Anyway, it’s a new year, time to throw away last year’s list and make a new one. We try not to notice of the things we promised to accomplish last year; it’s too painful. Besides, we need things for the new list. More things we swear we will do this year knowing we will let them drag by month after month until it’s time to make yet another new list. Last year’s diet didn’t work, but this new one will take off that 10 pounds faster. Didn’t get the photo album finished, but these new pictures will make it a better one. Didn’t get to visit grandma last year, but we’ll spend a few extra days with her this year. Sound familiar?

Making a to-do-list is a good thing if we keep it “before our face” as my wife puts it. We make New Year Resolution Lists with good intentions, and then forget them until another New Year pops up. Few take this yearly tradition seriously. However, I hate making promises and not following through especially when it’s a promise I made to myself.

This year, instead of doing the list thing, I know will fill me with trepidation and I end up disenchanted, and feeling like a looser, I decided to make a list of everything I had accomplished in the past year whether or not I planned or promised them.

Here is my list of accomplishments for 2011 taken from a decade of promises.

1. Cleaning the garage, something I had been promising my wife I was going to do for the past five years. I got it done. It took me a month and a half, but it is all clean and orderly now. Weary and somewhat prideful, I reported to my wife that I had finished the long overdue chore. A smile lit up her face and she gave me a big hug. She danced out to inspect my work and returned 15 seconds later with a long face and tears trickling down her cheeks. I thought she was too overjoyed.

“I still cannot park my car in it,” she sobbed.

“No, you’re mistaken, Sweetie, garages aren’t for cars. They’re for storage and workshops.” I pointed out. Can you believe, she wanted me to get rid of my woodworking equipment that took me a lifetime collecting. So what if I hadn’t used it for a few years (ten to be exact). Maybe I will later. For 15 seconds I felt good about myself, I guess that’s better than nothing.

2. Bush trimming, another dreaded job that went undone for years. It took me two days, and three near heart attacks, but I got it done.

3. I also raked up 142 wheelbarrow loads of leaves and acorns.

4. I cut the grass 37 times.

5. I planted ten fruit trees I am doubtful will bear fruit before I take the eternal dirt map.

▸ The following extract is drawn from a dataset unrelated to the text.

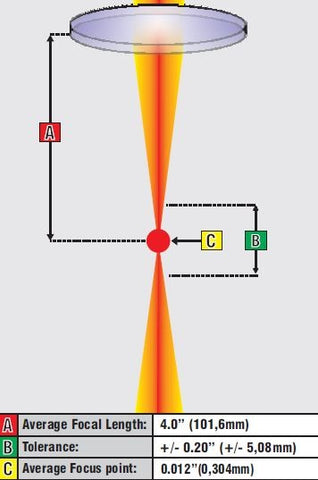 Universal-Laser-4.0-Lens-Tech-Spec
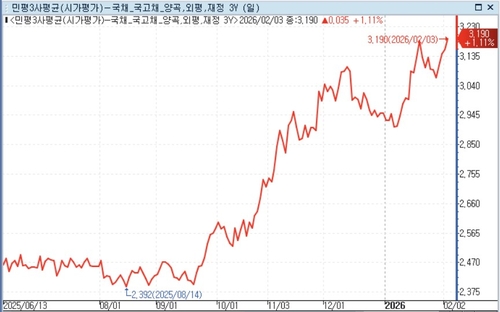 금통위 물가 평가 안심에서 경계로…증권가선 하반기 금리 인상 가능성도_정선미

6. Exercising: last year I managed to walk, skip and jog over 936 miles, I spent seventy some hours doing yoga stretching. I spent unknown hours meditating, falling asleep and waking up wondering where I was.

7. I spent over 2,880 hours on the computer, and watched TV for over 2,184 hours. I slept for 2190 hours, not counting naps. The remaining 1,435 hours I contribute to trying to remember what I went the kitchen for, so I end up eating too many snacks and watching my neighbor across the street pace up and down his driveway. The poor soul has less to do than I. When I go back to my computer, I remember why I went to the kitchen. I write it down on a post-it note and head back to the kitchen to get a glass of ice water.

8. I completed half a dozen short stories and E-mailed two of them to publishers. That was over six months ago. That’s better than getting a rejection the next day though.

9. I wrote 37 articles and posted them to my blogs and started a dozen or more I haven’t finished.

10. I visited about 3,000,000 websites researching things to write about.

11. Last year I finally built the garden arbor I had been threatening to make for the past four years. My wife attempted to discourage me from doing this task. I believe she had little faith I could do it. Well, I showed her. Now she wants two more. I may find time in the next few years. Keeping her complaining is good. Otherwise we wouldn’t have much to talk about.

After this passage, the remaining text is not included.